Items listed in a dataset
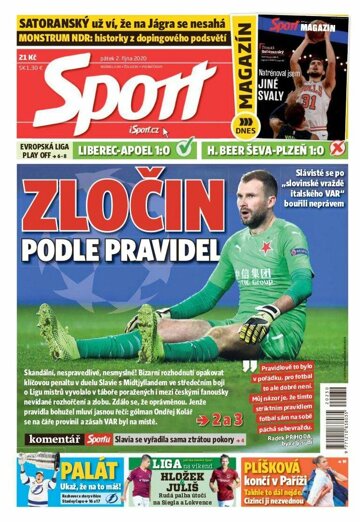 Obálka e-magazínu Sport 2.10.2020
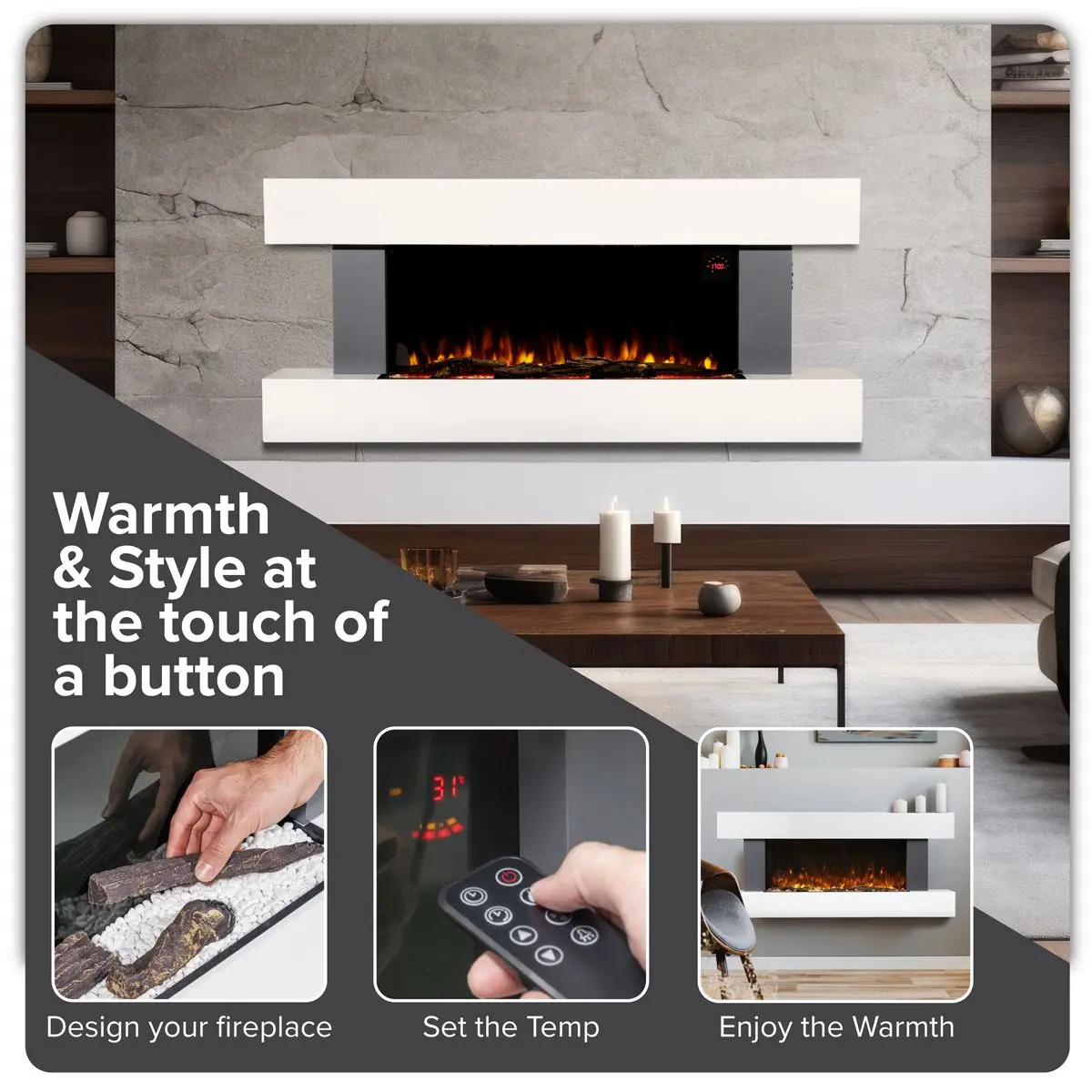 Baridi Wall Mounting Electric Fireplace with LED Flame Effect 52" - Grey - Image 11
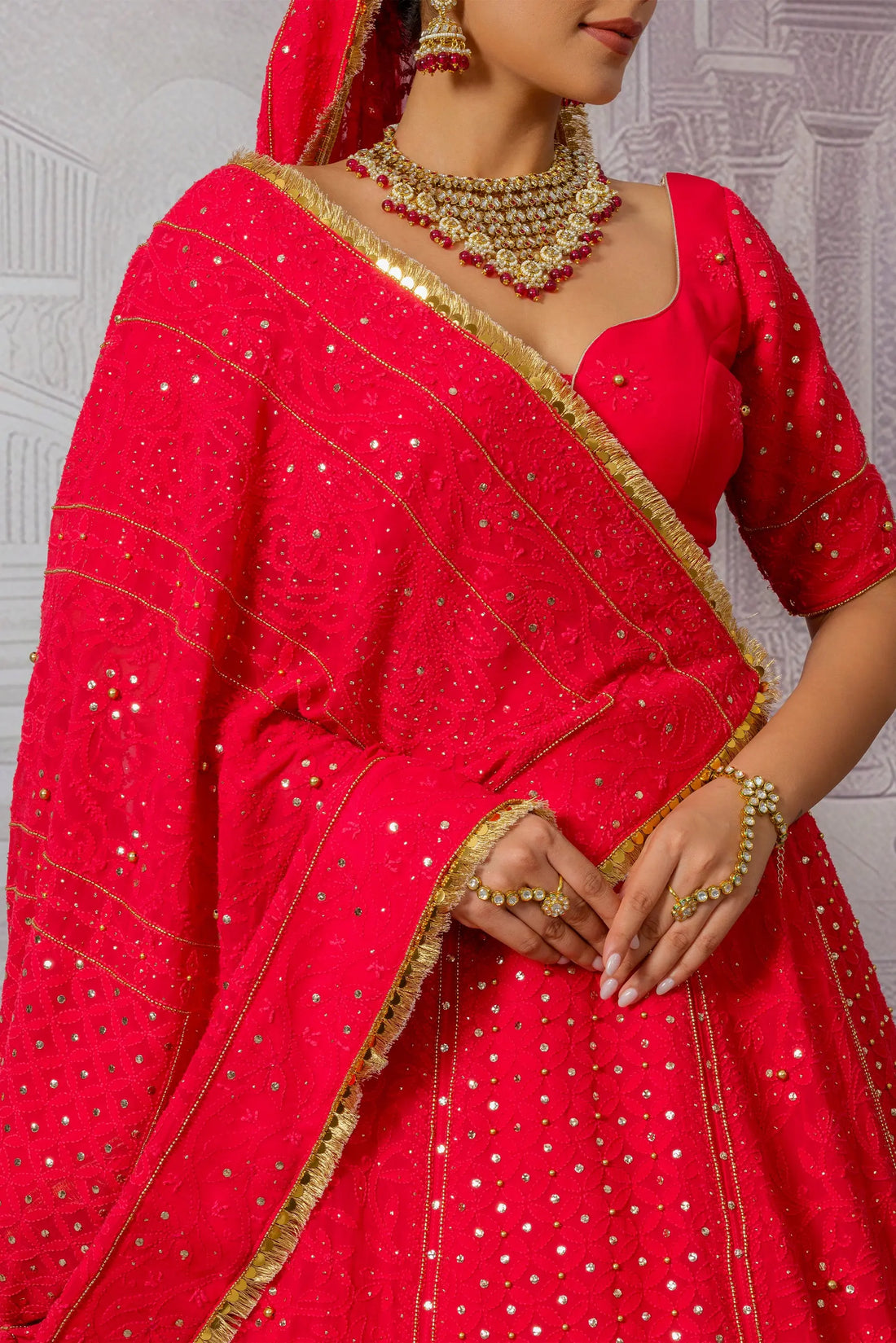 Vibrant Red Bridal Lehenga with Mirrorwork and Golden Zari Embroidery The House of Indu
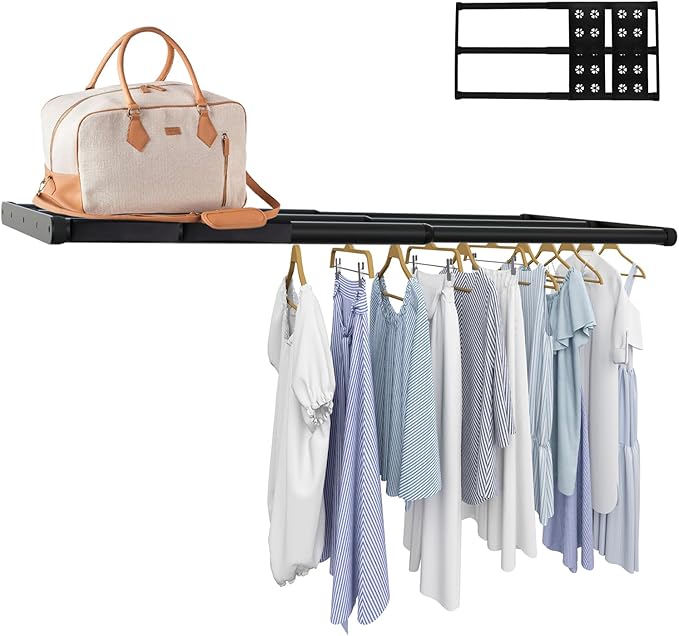 Expandable Closet Shelf, 16-24 Inches Metal Closet Rod Organizers and Storage Shelves Space Saving DIY Divider Separator for Cabinet Wardrobe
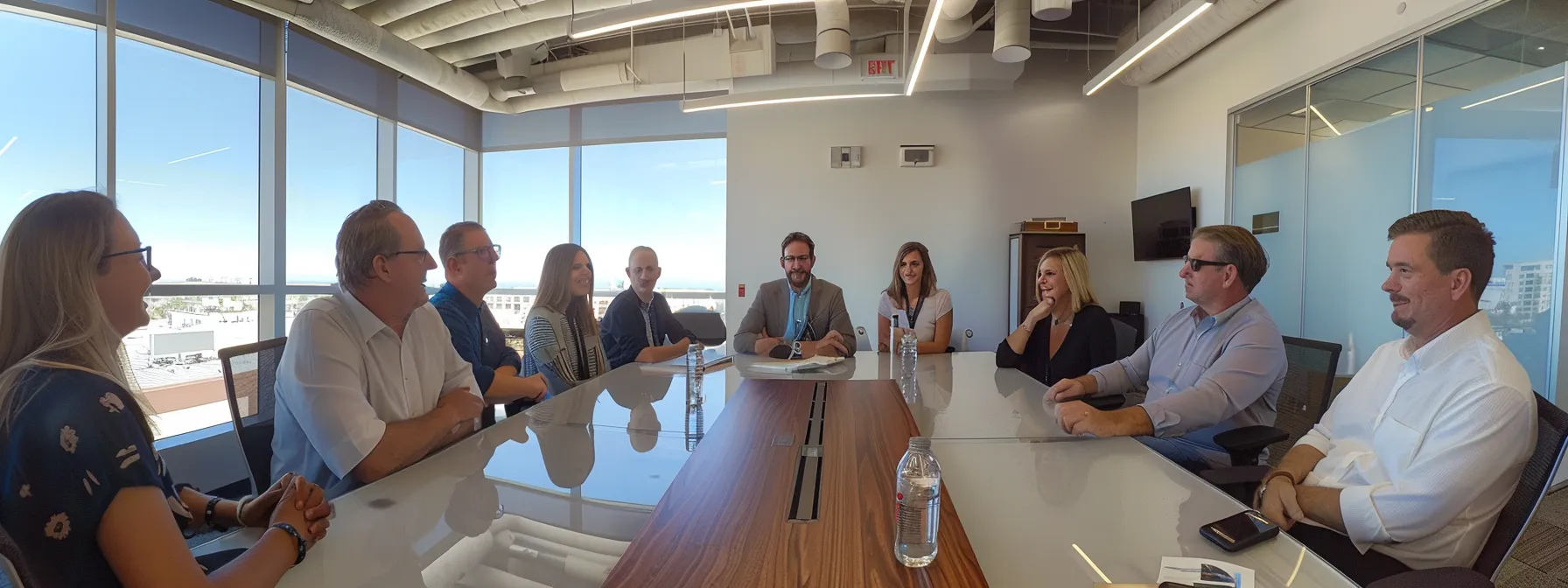 an energetic group of real estate investors engaged in a focused conversation around a sleek conference table in a modern office space, highlighting the dynamics of networking and collaboration for uncovering motivated seller leads.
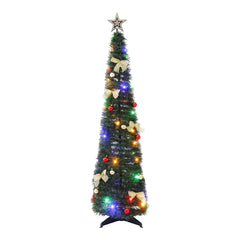 Jingle Jollys Pop Up Christmas Tree Pre Decorated Multicolour LED 155cm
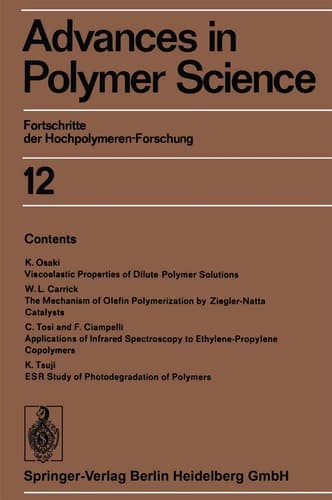 Advances in Polymer Science Fortschritte der Hochpolymeren-Forschung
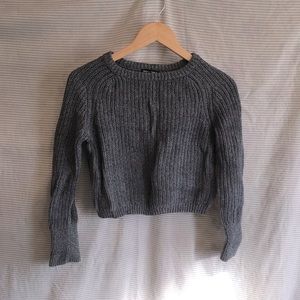 America Apparel Gray Cropped Fisherman Sweater size S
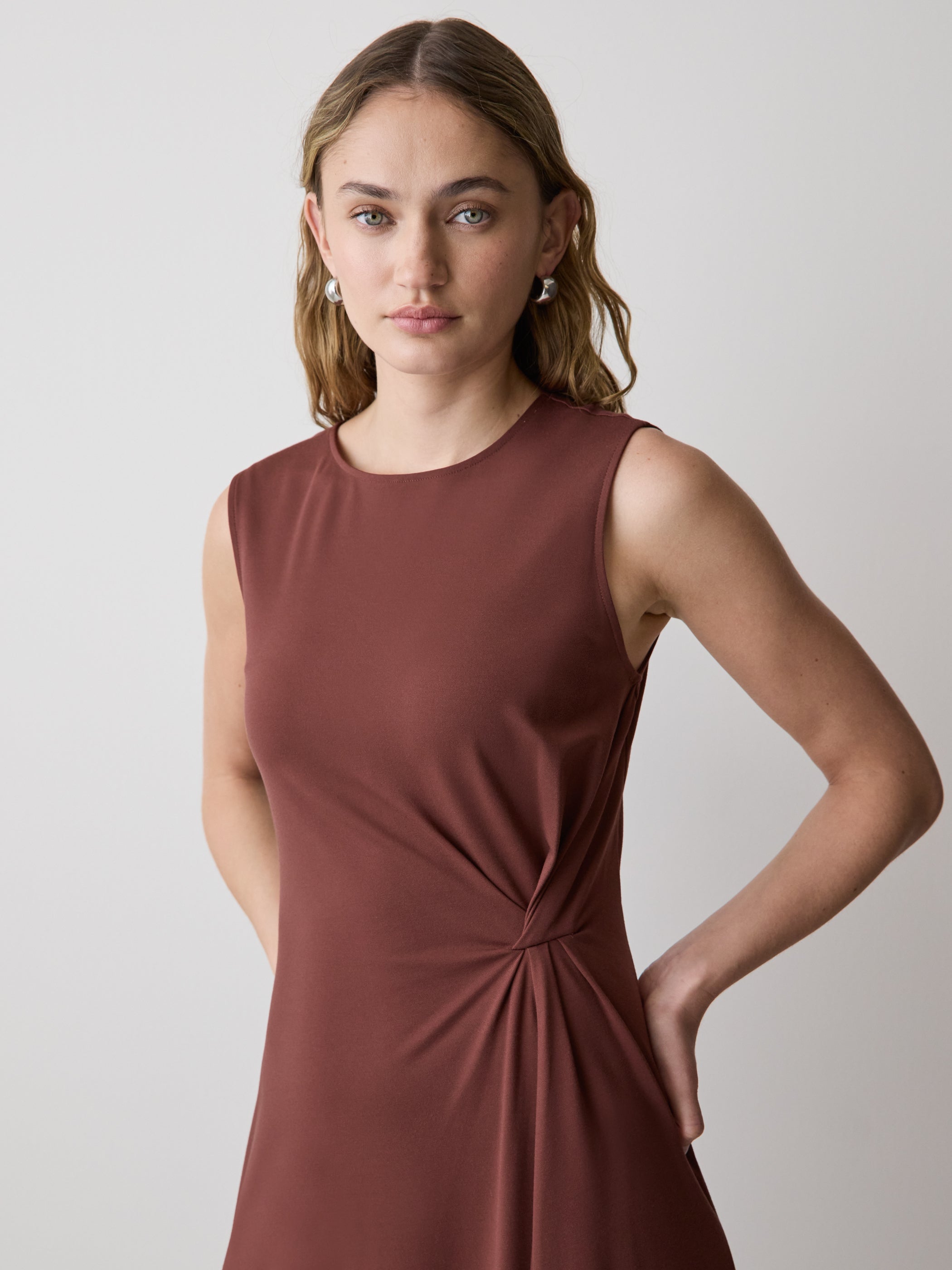 Sleeveless Crew-Neck Midi Dress with Knot Detail rw&co Exclusive Sale Price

_Work to be completed:_ Set down all of the data word for word; no pictures belong in it.

_Reply to the exercise:_
 Obálka e-magazínu Sport 2.10.2020
 Baridi Wall Mounting Electric Fireplace with LED Flame Effect 52" - Grey - Image 11
 Vibrant Red Bridal Lehenga with Mirrorwork and Golden Zari Embroidery The House of Indu
 Expandable Closet Shelf, 16-24 Inches Metal Closet Rod Organizers and Storage Shelves Space Saving DIY Divider Separator for Cabinet Wardrobe
 an energetic group of real estate investors engaged in a focused conversation around a sleek conference table in a modern office space, highlighting the dynamics of networking and collaboration for uncovering motivated seller leads.
 Jingle Jollys Pop Up Christmas Tree Pre Decorated Multicolour LED 155cm
 Advances in Polymer Science Fortschritte der Hochpolymeren-Forschung
 America Apparel Gray Cropped Fisherman Sweater size S
 Sleeveless Crew-Neck Midi Dress with Knot Detail rw&co Exclusive Sale Price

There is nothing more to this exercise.